The tax and trash-fee increases are “a small price to pay for what we’re trying to accomplish here in a growing city.”Allentown Councilman Santo Napoli
Patel said almost 90% of the city’s roughly 26,000 properties would receive bills that were smaller or equal to what they would have been under Tuerk's initial proposal.
The compromise would require the city to use millions from its general fund to prop up the Solid Waste Fund, a move that included projected interest costs of about $100,000 over five years, according to Patel.
Napoli again urged his colleagues to support Tuerk’s first proposal made two months ago. He said the tax and trash-fee increases are “a small price to pay for what we’re trying to accomplish here in a growing city.”
Mota repeated her stance on affordability, calling it her No. 1 issue.
“I made a promise” not to raise taxes, she said. She said many residents already are struggling to keep their heads above water.
Where the increases fall
Council’s budget would bring savings to all who pay taxes and trash fees in Allentown when compared with Tuerk’s initial proposal.
But the budget Mota helped pass would see owners of lower-valued properties pay more than either of the mayor’s counterproposals.

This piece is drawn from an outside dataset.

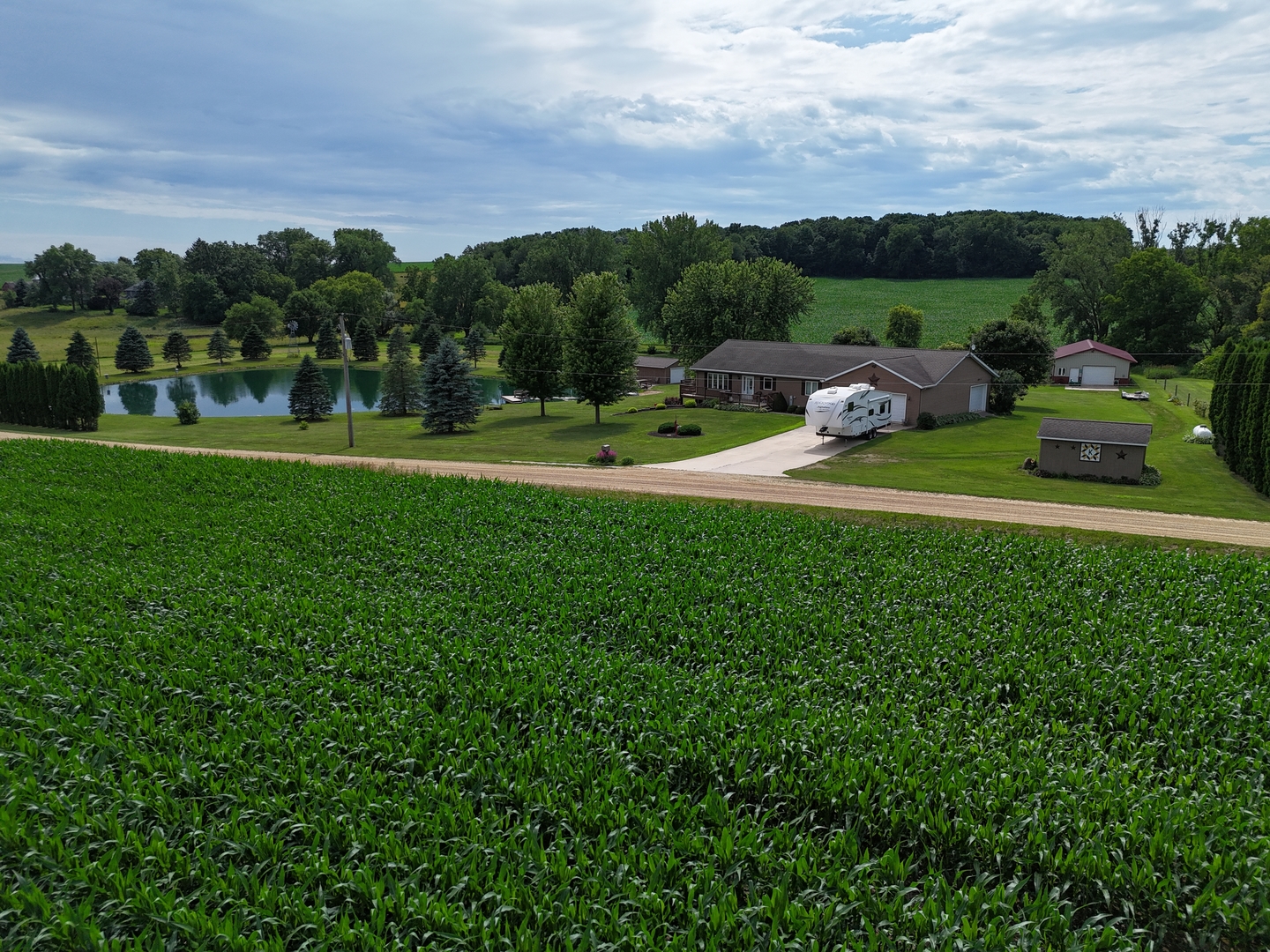 5782 North Brown Road Dakota, IL 61018 - Photo 9 of 49 a view of a green field with houses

Owners of properties valued at about $170,000 or less for tax purposes would pay more under council's plan than they would have under the compromise proposed Wednesday night, according to a LehighValleyNews.com analysis.
“What they just voted for is better for the person who lives by Wegman’s [in West Allentown] than it is for the person who lives by C-Town" in Jordan Heights.Allentown Mayor Matt Tuerk
The mayor’s Plan B — suggested last month — would have brought overall savings for owners of properties valued at about $100,000 or less for tax purposes.

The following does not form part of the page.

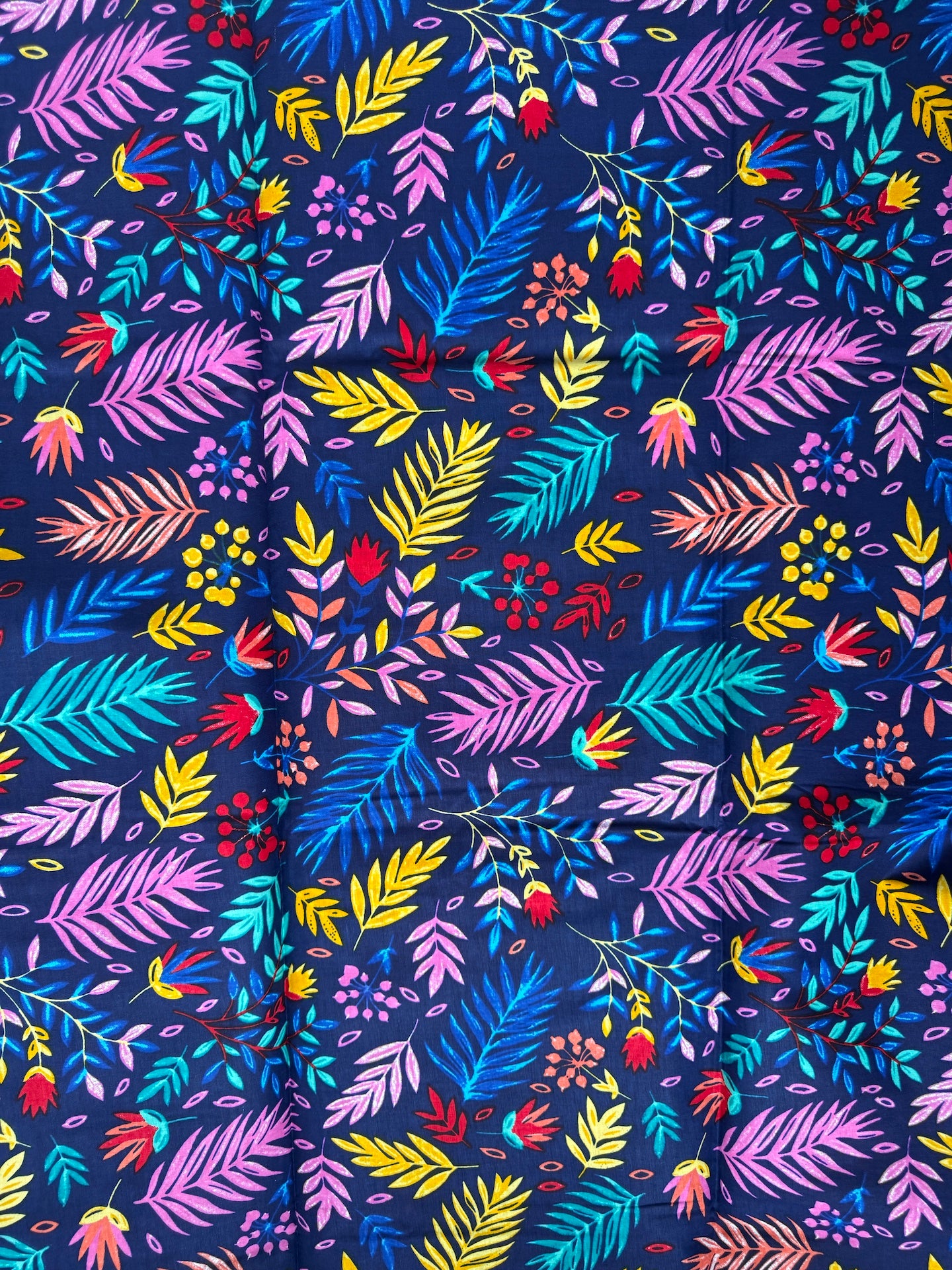Colorful leaf pattern on a dark blue background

If the mayor signs off on council’s budget, the owner of a Jordan Heights home with a tax valuation of $57,000 would pay $1,088 in taxes and trash fees next year.

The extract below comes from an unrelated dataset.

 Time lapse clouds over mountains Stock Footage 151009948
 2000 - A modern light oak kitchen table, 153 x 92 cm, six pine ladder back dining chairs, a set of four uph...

Council’s two-month effort to block a tax increase saves that homeowner $14 next year, though they’ll pay $36 more than they would have if council adopted the compromise proposed Wednesday.
The owner of a property that abuts the Allentown Municipal Golf Course valued at $735,000 would pay $182 less under council's budget than Tuerk’s initial proposal. The mayor’s Plan C would have cut their costs by just $50.
“What they just voted for is better for the person who lives by Wegman’s [in West Allentown] than it is for the person who lives by C-Town" in Jordan Heights, Tuerk said Wednesday.
“It’s bulls—t,” he said of council members again voting against a “reasonable” property tax increase, which would have been the first in seven years.